**DATASET EXCERPT**
"""

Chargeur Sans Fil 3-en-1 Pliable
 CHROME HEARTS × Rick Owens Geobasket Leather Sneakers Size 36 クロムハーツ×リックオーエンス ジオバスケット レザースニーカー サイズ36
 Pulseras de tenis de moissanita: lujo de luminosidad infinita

"""

**REQUIRED WORK**
Quote exactly the line containing "CHROME HEARTS ×" and every later line through the end of the listing, and no other lines.

**TASK ANSWER**
 CHROME HEARTS × Rick Owens Geobasket Leather Sneakers Size 36 クロムハーツ×リックオーエンス ジオバスケット レザースニーカー サイズ36
 Pulseras de tenis de moissanita: lujo de luminosidad infinita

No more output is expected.